Fa contenta l’Italia cinematografica il Golden Globe a Paolo Sorrentino per il miglior film straniero, arrivato al termine di una pioggia di riconoscimenti nazionali e internazionali, dalla sfilata di Nastri d’argento all’EFA al miglior film europeo. La fa contenta nonostante le critiche che ha ricevuto e nonostante la refrattarietà di un certo pubblico e di una certa critica di andare oltre alla visione di qualcosa al di là del consono o del conosciuto. La fa contenta se non altro per essere riuscita a conquistare un premio che mancava dal '90 con Nuovo cinema Paradiso e a riconquistare un po' di rilevanza nel panorama internazionale con uno dei suoi registi simbolo.
E che il Golden Globe sia un premio minore rispetto al premio dell’Academy il quartetto precedente di vittorie Haneke-Bier-Farhadi-Haneke di cui Sorrentino va a completare la cinquina dimostra che è vero per importanza ma non per qualità. Sembra ripagare perciò la commissione – cui va riconosciuto il coraggio, al di là del grande valore de La migliore offerta, di non candidare sempre e comunque Tornatore, persino quando gira Bàaria – nella scelta, se non “politica” quantomeno calcolata, di presentare agli Oscar, per cui La grande bellezza è ancora in corsa, un film di ascendente felliniano per un paese che Fellini ha adorato e più volte ossequiato.
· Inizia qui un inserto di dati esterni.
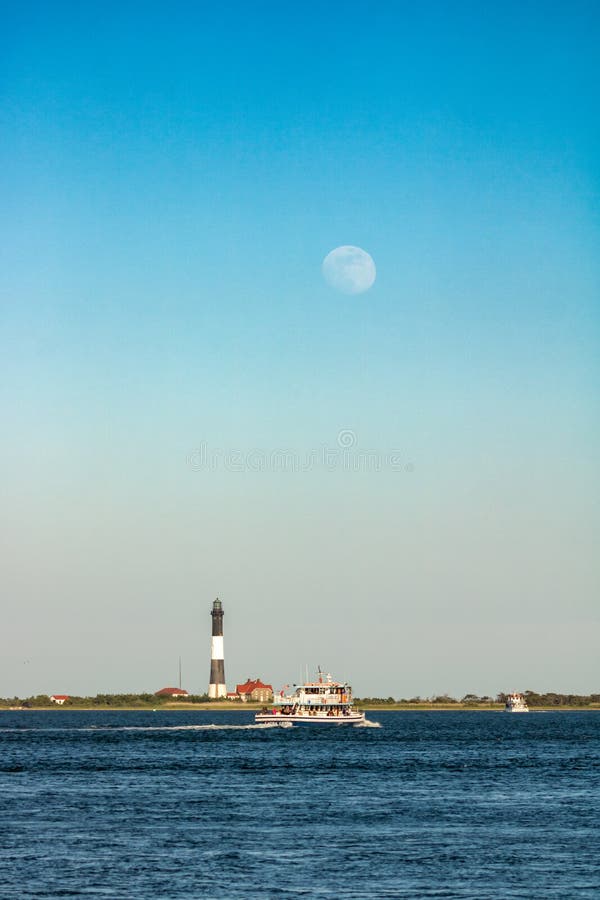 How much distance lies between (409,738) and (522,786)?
80381 millimetres

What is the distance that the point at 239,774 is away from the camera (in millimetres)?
102250

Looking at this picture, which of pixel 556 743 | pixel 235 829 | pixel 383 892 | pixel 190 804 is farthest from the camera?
pixel 556 743

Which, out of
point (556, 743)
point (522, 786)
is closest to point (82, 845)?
point (522, 786)

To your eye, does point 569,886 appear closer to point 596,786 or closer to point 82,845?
point 82,845

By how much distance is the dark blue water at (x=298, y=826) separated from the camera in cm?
5009

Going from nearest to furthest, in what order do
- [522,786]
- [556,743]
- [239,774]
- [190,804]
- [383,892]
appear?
[383,892], [190,804], [522,786], [239,774], [556,743]

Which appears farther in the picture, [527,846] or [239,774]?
[239,774]

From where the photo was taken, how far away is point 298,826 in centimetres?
6669

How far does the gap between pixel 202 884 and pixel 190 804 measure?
2814cm

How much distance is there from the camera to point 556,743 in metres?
162

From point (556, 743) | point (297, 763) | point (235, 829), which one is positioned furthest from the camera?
point (556, 743)

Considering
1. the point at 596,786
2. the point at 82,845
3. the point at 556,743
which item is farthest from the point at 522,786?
the point at 556,743

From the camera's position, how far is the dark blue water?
50.1m

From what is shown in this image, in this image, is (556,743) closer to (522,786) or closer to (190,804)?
(522,786) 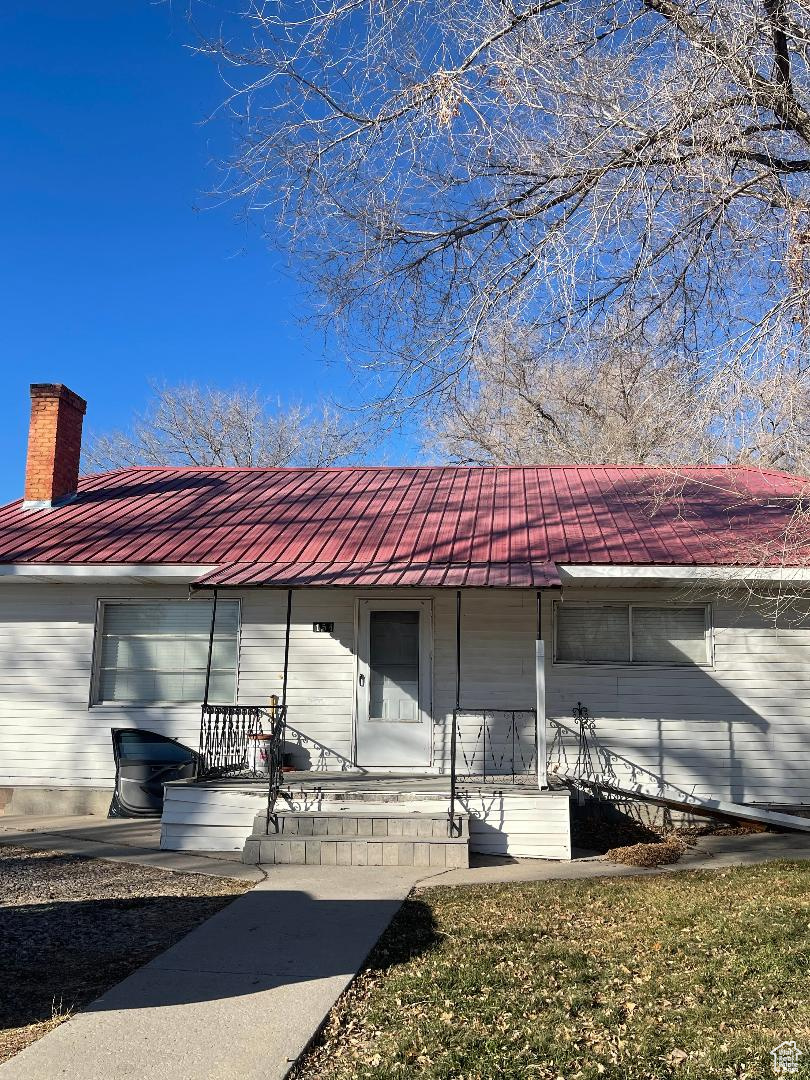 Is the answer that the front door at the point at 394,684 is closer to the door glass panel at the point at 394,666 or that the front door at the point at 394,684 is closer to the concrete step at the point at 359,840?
the door glass panel at the point at 394,666

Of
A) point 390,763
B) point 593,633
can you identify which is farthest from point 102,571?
point 593,633

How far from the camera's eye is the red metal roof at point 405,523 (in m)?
10.0

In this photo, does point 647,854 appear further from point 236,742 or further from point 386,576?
point 236,742

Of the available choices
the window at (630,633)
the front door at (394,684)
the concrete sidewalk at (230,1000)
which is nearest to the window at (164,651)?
the front door at (394,684)

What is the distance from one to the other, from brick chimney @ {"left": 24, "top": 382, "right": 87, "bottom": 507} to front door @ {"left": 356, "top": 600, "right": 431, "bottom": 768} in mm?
4998

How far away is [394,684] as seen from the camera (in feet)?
35.6

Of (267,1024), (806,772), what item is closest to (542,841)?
(806,772)

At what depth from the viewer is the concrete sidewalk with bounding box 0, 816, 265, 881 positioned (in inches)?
329

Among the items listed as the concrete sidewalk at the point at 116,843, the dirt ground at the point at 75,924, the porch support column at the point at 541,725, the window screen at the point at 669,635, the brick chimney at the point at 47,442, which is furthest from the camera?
the brick chimney at the point at 47,442

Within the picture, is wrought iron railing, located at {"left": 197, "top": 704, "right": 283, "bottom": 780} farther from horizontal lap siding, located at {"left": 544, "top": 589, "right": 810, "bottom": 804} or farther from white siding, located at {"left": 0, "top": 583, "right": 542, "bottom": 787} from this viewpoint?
horizontal lap siding, located at {"left": 544, "top": 589, "right": 810, "bottom": 804}

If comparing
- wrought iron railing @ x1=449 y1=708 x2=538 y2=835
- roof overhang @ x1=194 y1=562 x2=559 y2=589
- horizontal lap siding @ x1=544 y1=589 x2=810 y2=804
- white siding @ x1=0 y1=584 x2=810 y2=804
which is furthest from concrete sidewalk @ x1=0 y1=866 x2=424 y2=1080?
horizontal lap siding @ x1=544 y1=589 x2=810 y2=804

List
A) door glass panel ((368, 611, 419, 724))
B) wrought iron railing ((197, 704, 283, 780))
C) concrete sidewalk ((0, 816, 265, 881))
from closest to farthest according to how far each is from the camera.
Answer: concrete sidewalk ((0, 816, 265, 881)) → wrought iron railing ((197, 704, 283, 780)) → door glass panel ((368, 611, 419, 724))

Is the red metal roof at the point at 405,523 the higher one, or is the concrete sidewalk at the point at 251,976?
the red metal roof at the point at 405,523

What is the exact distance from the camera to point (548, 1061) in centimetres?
404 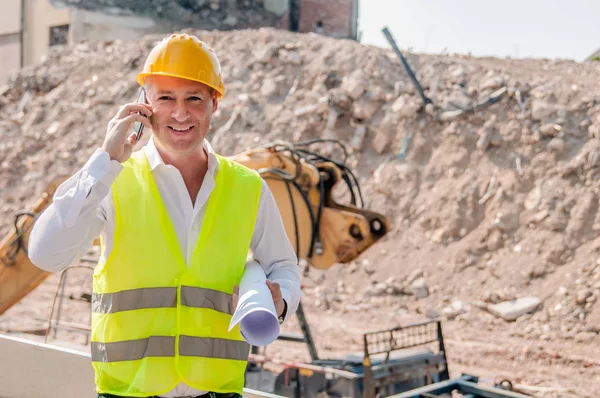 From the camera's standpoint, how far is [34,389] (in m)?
4.43

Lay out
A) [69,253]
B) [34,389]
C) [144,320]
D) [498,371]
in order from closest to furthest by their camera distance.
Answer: [69,253] < [144,320] < [34,389] < [498,371]

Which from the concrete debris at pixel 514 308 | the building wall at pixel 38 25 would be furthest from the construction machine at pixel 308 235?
the building wall at pixel 38 25

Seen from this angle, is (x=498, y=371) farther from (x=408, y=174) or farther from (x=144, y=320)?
(x=144, y=320)

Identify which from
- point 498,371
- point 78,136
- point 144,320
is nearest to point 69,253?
point 144,320

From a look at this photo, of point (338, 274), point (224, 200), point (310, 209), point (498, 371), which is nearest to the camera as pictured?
point (224, 200)

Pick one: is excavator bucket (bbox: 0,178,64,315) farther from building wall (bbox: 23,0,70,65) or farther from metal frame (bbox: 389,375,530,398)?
building wall (bbox: 23,0,70,65)

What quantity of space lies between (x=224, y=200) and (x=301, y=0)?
2353 centimetres

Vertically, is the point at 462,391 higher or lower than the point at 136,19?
lower

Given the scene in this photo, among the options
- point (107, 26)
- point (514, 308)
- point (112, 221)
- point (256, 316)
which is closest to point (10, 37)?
point (107, 26)

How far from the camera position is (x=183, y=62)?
8.00ft

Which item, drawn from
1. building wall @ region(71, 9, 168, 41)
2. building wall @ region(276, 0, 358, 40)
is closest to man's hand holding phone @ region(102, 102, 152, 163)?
building wall @ region(71, 9, 168, 41)

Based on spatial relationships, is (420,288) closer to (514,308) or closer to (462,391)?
(514,308)

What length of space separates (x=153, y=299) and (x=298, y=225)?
15.0 feet

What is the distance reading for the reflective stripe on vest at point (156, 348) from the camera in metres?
2.34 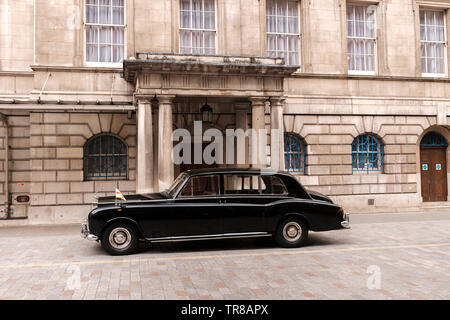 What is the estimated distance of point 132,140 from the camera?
43.4 feet

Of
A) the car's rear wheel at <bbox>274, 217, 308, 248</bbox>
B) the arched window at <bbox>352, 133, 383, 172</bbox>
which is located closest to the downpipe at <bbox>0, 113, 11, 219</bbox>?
the car's rear wheel at <bbox>274, 217, 308, 248</bbox>

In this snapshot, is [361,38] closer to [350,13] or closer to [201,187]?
[350,13]

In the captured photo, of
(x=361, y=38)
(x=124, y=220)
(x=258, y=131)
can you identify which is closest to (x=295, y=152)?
(x=258, y=131)

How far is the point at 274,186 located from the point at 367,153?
8552 millimetres

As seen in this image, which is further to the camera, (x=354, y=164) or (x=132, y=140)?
(x=354, y=164)

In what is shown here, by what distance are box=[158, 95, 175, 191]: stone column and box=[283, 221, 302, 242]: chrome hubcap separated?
409 cm

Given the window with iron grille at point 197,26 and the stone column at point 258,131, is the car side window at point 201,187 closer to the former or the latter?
the stone column at point 258,131

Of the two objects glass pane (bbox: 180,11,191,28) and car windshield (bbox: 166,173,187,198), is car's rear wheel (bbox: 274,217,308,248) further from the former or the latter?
glass pane (bbox: 180,11,191,28)

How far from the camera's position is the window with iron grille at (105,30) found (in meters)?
13.4

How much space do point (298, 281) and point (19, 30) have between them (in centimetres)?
1333

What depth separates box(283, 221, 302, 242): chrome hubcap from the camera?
26.8 ft

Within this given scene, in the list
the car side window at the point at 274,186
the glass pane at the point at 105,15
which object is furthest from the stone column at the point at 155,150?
the car side window at the point at 274,186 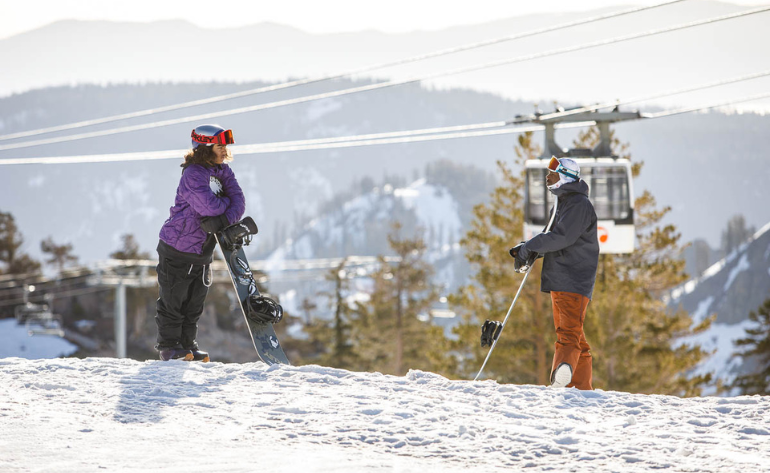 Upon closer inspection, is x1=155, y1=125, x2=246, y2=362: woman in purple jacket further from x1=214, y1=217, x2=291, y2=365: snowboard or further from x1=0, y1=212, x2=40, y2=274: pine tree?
x1=0, y1=212, x2=40, y2=274: pine tree

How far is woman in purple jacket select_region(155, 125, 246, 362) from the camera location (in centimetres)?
640

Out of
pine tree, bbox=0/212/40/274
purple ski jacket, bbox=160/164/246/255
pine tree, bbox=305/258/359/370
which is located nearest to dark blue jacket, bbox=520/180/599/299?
purple ski jacket, bbox=160/164/246/255

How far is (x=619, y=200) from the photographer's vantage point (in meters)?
23.0

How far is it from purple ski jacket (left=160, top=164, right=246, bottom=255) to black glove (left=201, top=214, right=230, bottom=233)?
33 millimetres

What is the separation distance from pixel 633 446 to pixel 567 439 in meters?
0.33

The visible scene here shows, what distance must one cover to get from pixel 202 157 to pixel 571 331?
3190mm

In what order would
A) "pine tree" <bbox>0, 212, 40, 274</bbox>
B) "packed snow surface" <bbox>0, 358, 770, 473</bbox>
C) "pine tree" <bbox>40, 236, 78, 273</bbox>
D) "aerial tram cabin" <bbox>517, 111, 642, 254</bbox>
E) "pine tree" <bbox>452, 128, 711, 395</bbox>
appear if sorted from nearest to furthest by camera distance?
"packed snow surface" <bbox>0, 358, 770, 473</bbox> → "aerial tram cabin" <bbox>517, 111, 642, 254</bbox> → "pine tree" <bbox>452, 128, 711, 395</bbox> → "pine tree" <bbox>0, 212, 40, 274</bbox> → "pine tree" <bbox>40, 236, 78, 273</bbox>

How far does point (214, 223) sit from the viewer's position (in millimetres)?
6484

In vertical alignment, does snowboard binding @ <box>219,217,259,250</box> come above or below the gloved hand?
above

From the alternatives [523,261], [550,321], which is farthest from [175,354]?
[550,321]

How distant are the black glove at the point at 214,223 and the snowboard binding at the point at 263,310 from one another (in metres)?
0.63

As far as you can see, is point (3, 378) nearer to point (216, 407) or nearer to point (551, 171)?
point (216, 407)

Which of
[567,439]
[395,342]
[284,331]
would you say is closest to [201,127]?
[567,439]

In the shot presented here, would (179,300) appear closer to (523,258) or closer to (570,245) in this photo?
(523,258) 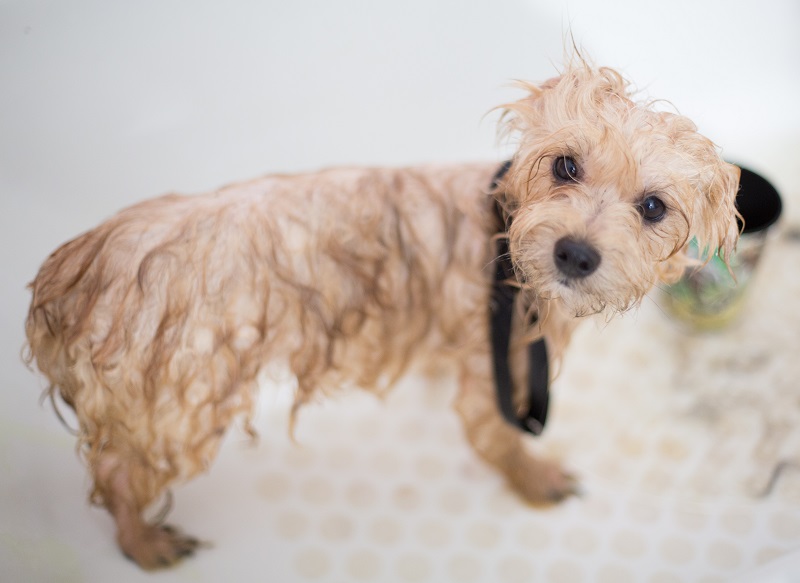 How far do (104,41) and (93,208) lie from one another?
0.45 metres

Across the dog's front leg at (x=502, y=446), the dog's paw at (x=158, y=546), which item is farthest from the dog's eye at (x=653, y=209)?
the dog's paw at (x=158, y=546)

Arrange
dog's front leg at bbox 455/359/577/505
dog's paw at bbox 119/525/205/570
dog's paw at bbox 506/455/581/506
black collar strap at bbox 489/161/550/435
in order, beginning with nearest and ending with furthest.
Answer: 1. black collar strap at bbox 489/161/550/435
2. dog's paw at bbox 119/525/205/570
3. dog's front leg at bbox 455/359/577/505
4. dog's paw at bbox 506/455/581/506

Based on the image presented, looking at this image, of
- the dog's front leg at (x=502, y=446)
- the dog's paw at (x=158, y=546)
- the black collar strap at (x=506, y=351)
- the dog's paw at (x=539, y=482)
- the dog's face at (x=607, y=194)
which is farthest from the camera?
the dog's paw at (x=539, y=482)

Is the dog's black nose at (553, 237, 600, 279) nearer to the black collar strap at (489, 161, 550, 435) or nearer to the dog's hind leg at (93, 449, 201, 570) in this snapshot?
the black collar strap at (489, 161, 550, 435)

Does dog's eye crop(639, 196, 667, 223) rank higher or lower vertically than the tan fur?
higher

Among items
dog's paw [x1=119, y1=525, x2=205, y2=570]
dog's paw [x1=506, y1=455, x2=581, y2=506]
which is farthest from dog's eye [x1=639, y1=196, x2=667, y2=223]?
dog's paw [x1=119, y1=525, x2=205, y2=570]

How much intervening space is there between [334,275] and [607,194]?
633 mm

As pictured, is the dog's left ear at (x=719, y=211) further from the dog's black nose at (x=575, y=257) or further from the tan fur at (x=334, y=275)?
the dog's black nose at (x=575, y=257)

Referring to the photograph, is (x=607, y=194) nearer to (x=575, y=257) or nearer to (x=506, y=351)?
(x=575, y=257)

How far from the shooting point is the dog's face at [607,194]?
3.60ft

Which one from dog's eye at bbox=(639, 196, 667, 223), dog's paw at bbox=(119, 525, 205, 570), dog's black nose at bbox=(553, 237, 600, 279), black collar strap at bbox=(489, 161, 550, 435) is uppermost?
dog's eye at bbox=(639, 196, 667, 223)

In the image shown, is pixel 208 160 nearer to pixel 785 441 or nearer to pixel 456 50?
pixel 456 50

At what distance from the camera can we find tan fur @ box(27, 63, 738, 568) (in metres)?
1.13

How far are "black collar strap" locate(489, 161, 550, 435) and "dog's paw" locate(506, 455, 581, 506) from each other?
24 centimetres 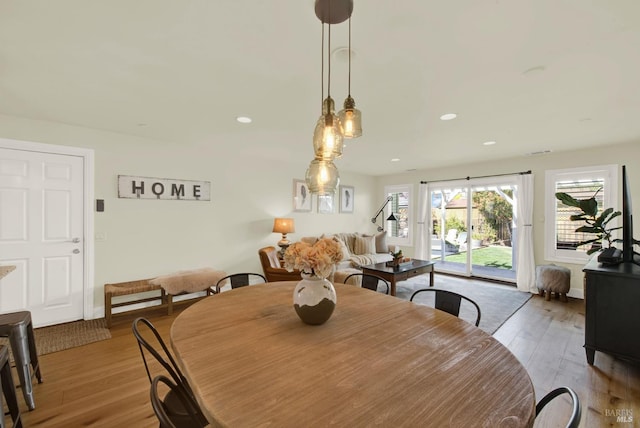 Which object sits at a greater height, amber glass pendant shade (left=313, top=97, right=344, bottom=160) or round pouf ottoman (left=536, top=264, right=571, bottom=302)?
amber glass pendant shade (left=313, top=97, right=344, bottom=160)

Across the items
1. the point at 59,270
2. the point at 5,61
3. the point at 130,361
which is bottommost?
the point at 130,361

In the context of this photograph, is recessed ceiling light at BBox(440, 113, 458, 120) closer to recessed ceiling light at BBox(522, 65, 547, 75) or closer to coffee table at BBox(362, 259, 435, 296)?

«Thank you, Italy. It’s a crazy country, but beautiful», ringrazia Sorrentino riassumendo il sentire di un’America e una Hollywood da sempre colpita dal fascino decadente di un’Italia e di una Roma à la Couture: bella sì, ma corrotta e traviata dalla sua autoreferenzialità e dai suoi vizi, come il cinema di Sorrentino in generale e La grande bellezza in particolare. Ne scrisse il New York Times: «Nei titoli finali de La grande bellezza la telecamera scivola su una barca lungo il Tevere verde-marrone. Non c’è musica, solo il gracchiare degli uccelli. Il tempo si ferma, e tutto è bello, come solo l’Italia può essere», fredda e distillata come l’idealizzazione felliniana. Ma se da sempre il premio è considerato l’anticamera degli Oscar e tre su quattro dei suoi predecessori alla vittoria del Globo d’oro si sono aggiudicati anche la statuetta più ambita, forse La strada è quella giusta.